Le non-respect des droits de personnes et de la sécurité des données des utilisateurs de FREE MOBILE : une sanction s’élevant à 300 000 euros.

Le 04 janvier 2022, la Commission Nationale de l’Informatique et des Libertés (CNIL) a annoncé avoir sanctionné la société FREE MOBILE d’une amende de 300 000 euros lors d’une Délibération en formation restreinte ayant eu lieu 28 décembre 2021. La CNIL reproche à la société de ne pas avoir respecté les droits de ses utilisateurs, ainsi qu’une non-conformité au RGPD en ce qui concerne la sécurité des données de ses utilisateurs. La CNIL a reçu 19 plaintes à l’encontre de FREE MOBILE entre décembre 2018 et novembre 2019. En outre, les plaignants rencontraient des difficultés concernant la prise en compte, par l’opérateur de téléphonie mobile français, de leurs demandes d’accès à leurs données personnelles et de leurs demandes d’opposition à recevoir des messages de prospection commerciale.

Par conséquent, lors de la délibération du 28 décembre 2021, la CNIL a constaté quatre manquements au RGPD dans la gestion de politique des données de FREE MOBILE.

Un manquement à l’obligation de respect des droits d’accès des utilisateurs de FREE MOBILE à leurs données personnelles.

Le premier manquement constaté par la CNIL, est le non-respect de son obligation issue des articles 12 et 15 du RGPD. Ces articles imposent le respect des droits d’accès des utilisateurs aux données les concernant.
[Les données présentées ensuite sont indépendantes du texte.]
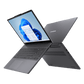 Lenovo IdeaPad Slim 3 15IRH10 Intel Core i7 13th Gen Thin & Light Laptop (16GB, 512GB SSD, Windows 11 Home, 15.3 inch WUXGA IPS Display, MS Office 2024, Luna Grey, 1.59 KG)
En effet, l’article 12 du RGPD impose l’obligation de transparence pour toutes les personnes qui traitent des données personnelles. Par conséquent, le règlement impose que les informations relatives aux données personnelles doivent être accessibles, claires, compréhensibles par toutes les personnes concernées par le traitement de données de l’entreprise. En outre l’article, paragraphe 3, du RGPD dispose que « le responsable du traitement fournit à la personne concernée des informations sur les mesures prises à la suite d’une demande formulée en application des articles 15 à 22, dans les meilleurs délais et en tout état de cause dans un délai d’un mois à compter de la réception de la demande. Au besoin, ce délai peut être prolongé de deux mois, compte tenu de la complexité et du nombre de demandes. Le responsable du traitement informe la personne concernée de cette prolongation et des motifs du report dans un délai d’un mois à compter de la réception de la demande “. Or, le paragraphe 4 de cet article affirme que ” si le responsable du traitement ne donne pas suite à la demande formulée par la personne concernée, il informe celle-ci sans tarder et au plus tard dans un délai d’un mois à compter de la réception de la demande des motifs de son inaction et de la possibilité d’introduire une réclamation auprès d’une autorité de contrôle et de former un recours juridictionnel ».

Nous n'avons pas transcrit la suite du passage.